Never provide food to another person’s horse without their consent. Certain horses may have highly specialized dietary requirements or ingredient allergies. If you don’t know the horse and try to take matters into your own hands, you will almost definitely cause more harm than good.

So, although it can be tempting to pass a snack over a neighbor’s fence, avoid the desire. Equine nutrition may be highly variable. You would never intentionally create an unnecessary problem.

Before you decide to share food, you should always check with the owner for permission.
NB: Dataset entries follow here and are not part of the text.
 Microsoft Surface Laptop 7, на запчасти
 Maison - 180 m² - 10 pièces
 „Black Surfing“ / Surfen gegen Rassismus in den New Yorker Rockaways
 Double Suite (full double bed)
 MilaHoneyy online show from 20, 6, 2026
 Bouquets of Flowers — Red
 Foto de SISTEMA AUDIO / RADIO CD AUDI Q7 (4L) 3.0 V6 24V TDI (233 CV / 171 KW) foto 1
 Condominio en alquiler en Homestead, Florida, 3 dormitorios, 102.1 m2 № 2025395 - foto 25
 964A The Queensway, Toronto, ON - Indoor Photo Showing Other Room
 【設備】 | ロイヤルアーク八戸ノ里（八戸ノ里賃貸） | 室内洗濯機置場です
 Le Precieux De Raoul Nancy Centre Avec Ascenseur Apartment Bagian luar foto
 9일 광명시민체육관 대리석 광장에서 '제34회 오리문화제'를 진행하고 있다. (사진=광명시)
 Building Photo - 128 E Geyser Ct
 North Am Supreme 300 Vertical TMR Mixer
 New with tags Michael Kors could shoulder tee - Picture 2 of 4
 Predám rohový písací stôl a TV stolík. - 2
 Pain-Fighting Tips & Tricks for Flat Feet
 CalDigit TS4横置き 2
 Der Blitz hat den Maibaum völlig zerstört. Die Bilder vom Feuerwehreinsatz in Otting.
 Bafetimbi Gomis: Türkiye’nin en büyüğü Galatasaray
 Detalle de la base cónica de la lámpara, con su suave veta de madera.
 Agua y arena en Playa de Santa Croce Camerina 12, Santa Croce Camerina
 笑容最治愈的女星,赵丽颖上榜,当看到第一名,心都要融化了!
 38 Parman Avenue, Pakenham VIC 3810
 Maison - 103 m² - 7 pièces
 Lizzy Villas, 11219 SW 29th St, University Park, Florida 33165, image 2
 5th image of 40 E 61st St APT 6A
Overall, BestForPets (bestforpets.org) recommend Buckeye Nutrition All-Natural Apple Horse Treats due to their texture, flavor, and adaptability. You may feed these entirely natural treats to any horse you own since they are suitable for horses of all ages.

Don’t forget these Equus Magnificus Horse Muffin Horse Treats if you’re wanting to save a dollar or two. They have a pleasant aroma and a delicate texture. Not only are they simple for your horse to chew, but they are also perfect for concealing medicine.

Hopefully, our evaluations helped you discover the best treats for horses.

Author Image

Dr. Deborah Fletcher

Deborah R. Fletcher, DVM, is a skilled veterinarian with more than 15 years of experience dealing with companion and exotic animals. She has experience caring for a variety of animals, including household cats and dogs, reptiles, birds of prey, and even primates. Dr. Fletcher is a valuable part of the BestForPets team, where she contributes to their aim of providing pets and their owners with the finest possible treatment and services.